Sunday, March 22, 2015

March 2015

The Merry Weather Garden Club met on Thursday, 19th of March, 2015 at the antebellum home of Allen and Tina Hand on LaGrange Street in Greenville. Allen acquired the home of John Gaston over a year ago and has been steadily restoring the house, outbuildings and gardens-a long labor of love.

The home was built between 1838 and 1840 by Hezekiah Wimbush.  Wimbush owned nineteen slaves at the time with one of them being the very talented untutored Elbert Wimbush, a skilled builder who built several houses in the Greenville area. The hand hewn underpinning of the home and mortise and tenon or peg joints make for a sturdy, well-built home that endures for years and has looked regal even in its past decay.

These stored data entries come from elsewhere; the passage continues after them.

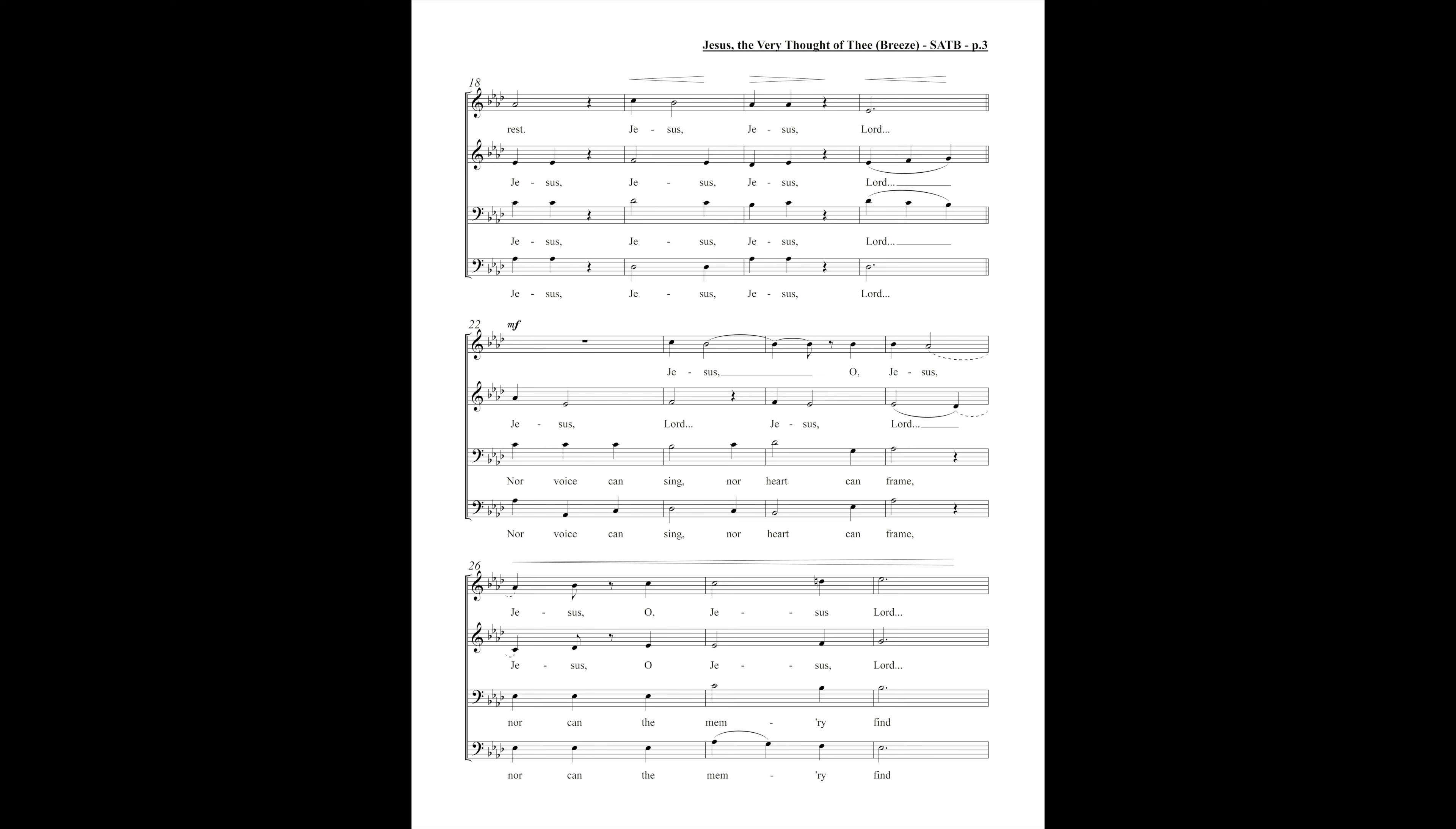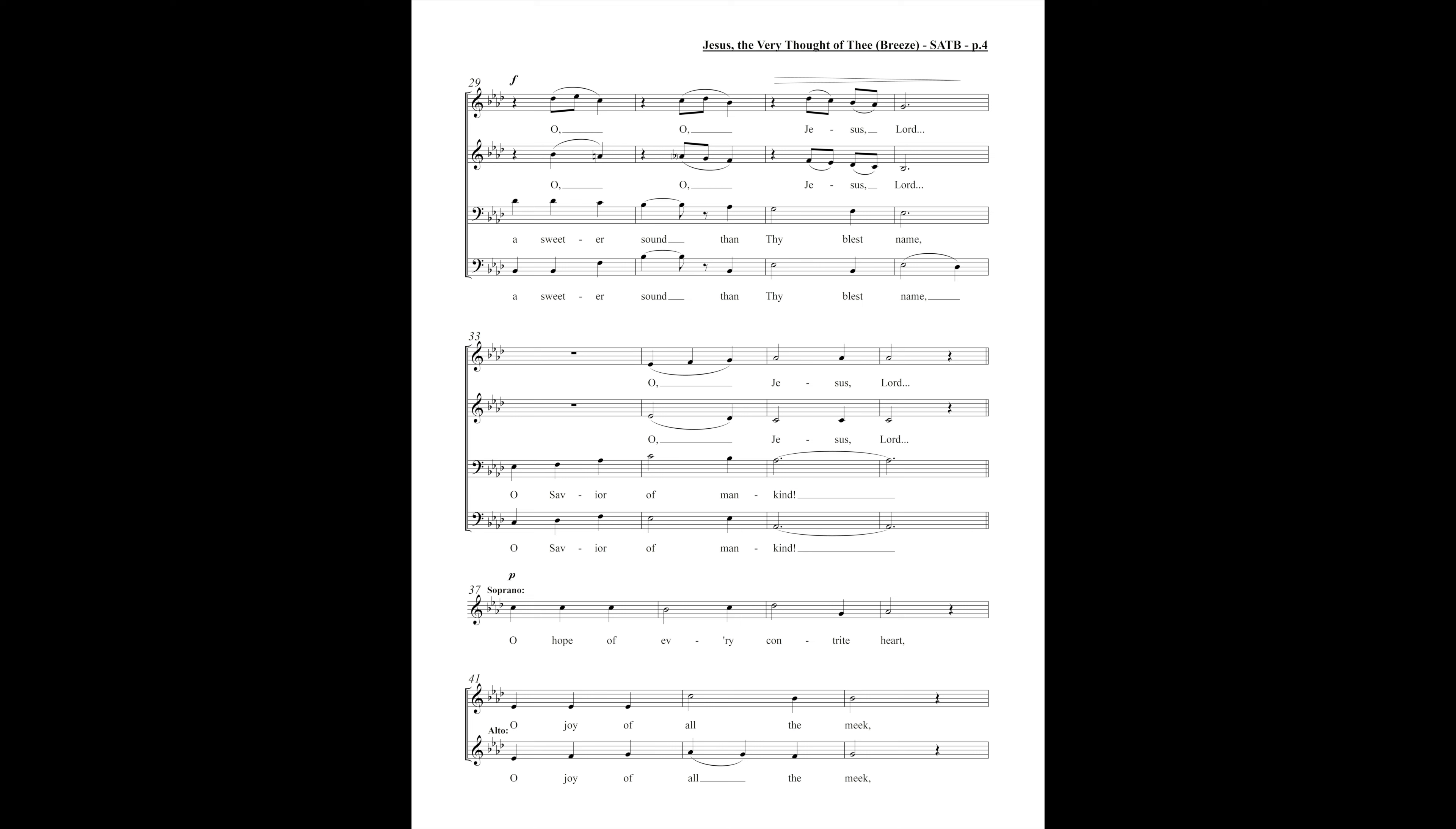Your voice can sing, nor heart can frame, nor can the memory refine, a sweeter sound than thy blest name, O Savior of Jesus Christ, O Savior.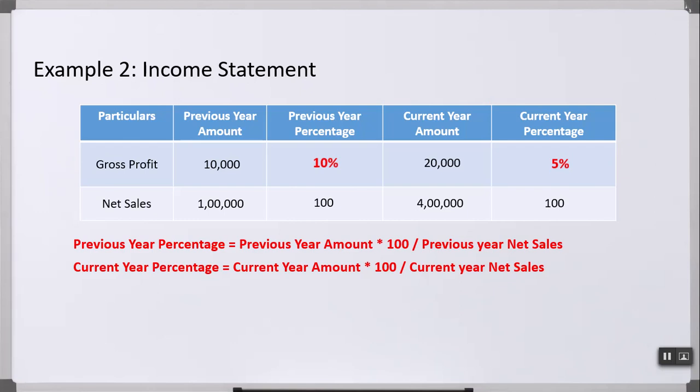I hope this video was helpful to understand common size analysis. The next videos will explain other tools: trend analysis and ratio analysis. If you like this video, do subscribe and share it with your friends. Thank you.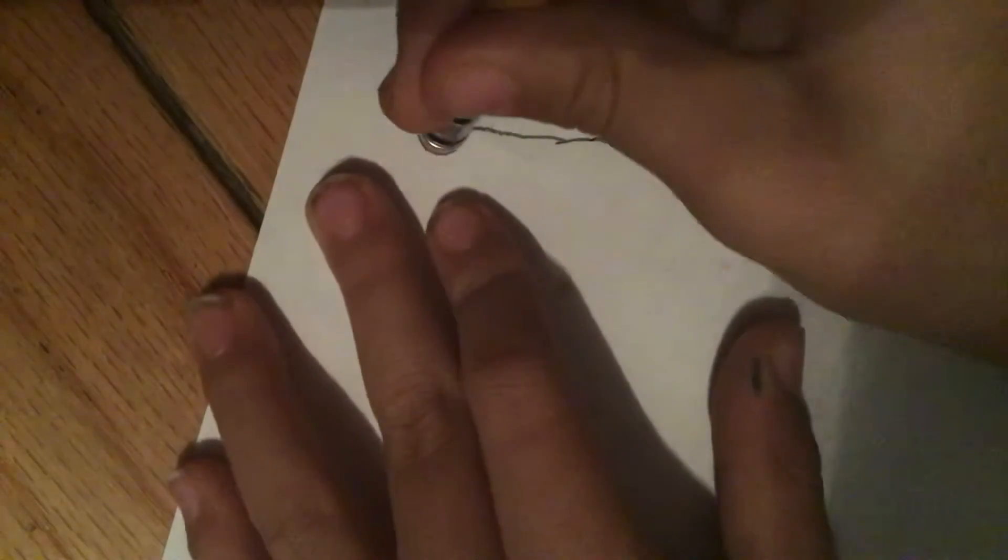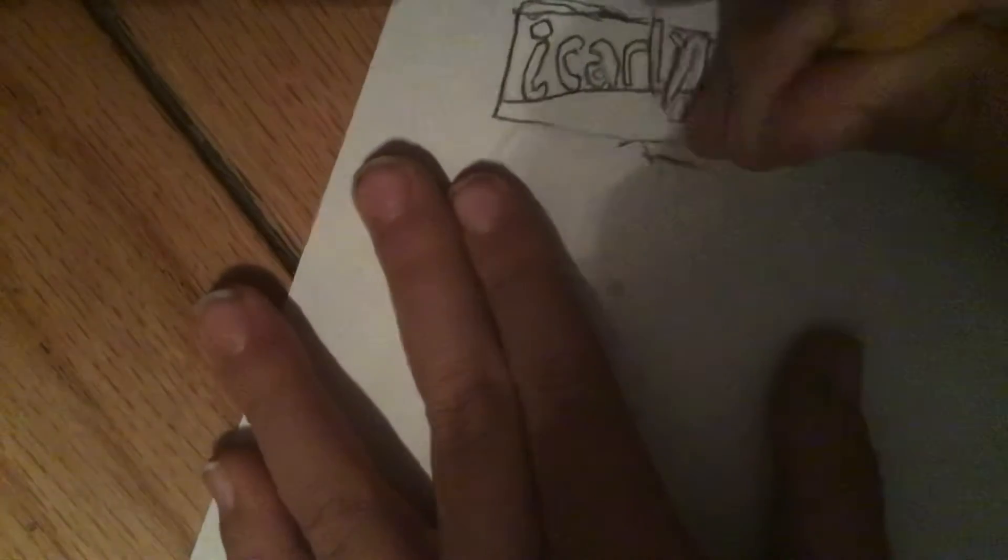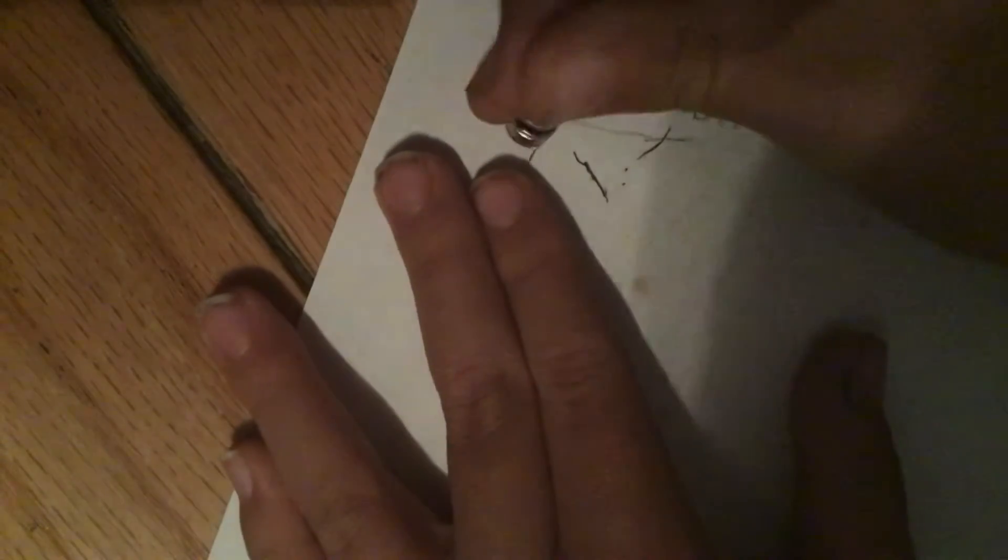Alright. Since we're supposed to stop getting away, we can erase some of the guidelines.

There have only been three homeowners before the Hands bought the property: the Wimbushes, the Anthonys, and then John and Pauline Gaston who bought the place in 1920 when John (Booker) was two years old. John Gaston lived in the house until he was 94. Allen met John when he, Allen, was eight years old and pretty much visited him every couple of weeks from then on so he is well versed in the house’s history and knows the property that was his friend’s. There are three springs on the back of the property that were the reason for the name of the nearby church, Springfield Baptist Church.

While Allen and Tina are restoring the house, they are living next door in a home that was originally part of the Gaston place. Years ago three rooms were removed from the Wimbush house and rolled next door to make another home. The Hand’s daughters, Theney and Milzie, enjoy the connected backyards and the ample playrooms and playhouses. The back of the house, in typical antebellum fashion, adjusts for the slope of the land and sits high off the ground and is open-perfect for more play area.

The garden club toured the yard noting the smokehouse, pomegranate and rose bushes plants that have been there a long time. Most interesting is the small building that served as a classroom for Joseph Meriwether Terrell who grew up to be one of Georgia’s governors! Allen’s mother some years ago bought the Terrell place in Greenville and gave Allen the portrait of Governor Terrell she found there.  Allen plans for the portrait to have a place of honor hanging in the dining room-an interesting point as the young Terrell boy who played and studied on the Wimbush property had no idea his picture would hang in its home one day!

In clearing out the interior, Hand found newspapers and magazines dating back to 1906 that are a treasure trove of fascinating local information. He also has a hand written account of the Greenville Cyclone of March 3, 1893 and its devastation.

Restoration is a slow process and the club members were most complimentary of the care the Hands are taking with the historical house. It is not always easy, Allen said, as he has run into rats, squirrels, possums, bats, and snakes in the initial clean up.

Garden club members divided and shared with the Hands some plants from their gardens and also presented the Hands with a long handled pruner for fighting the wisteria in the yard. The sides of the front steps became an impromptu table where club members enjoyed refreshments and made club announcements.  The next meeting of the garden club will be April 16 when it will join the Concord Club for its annual Lunch and Learn program.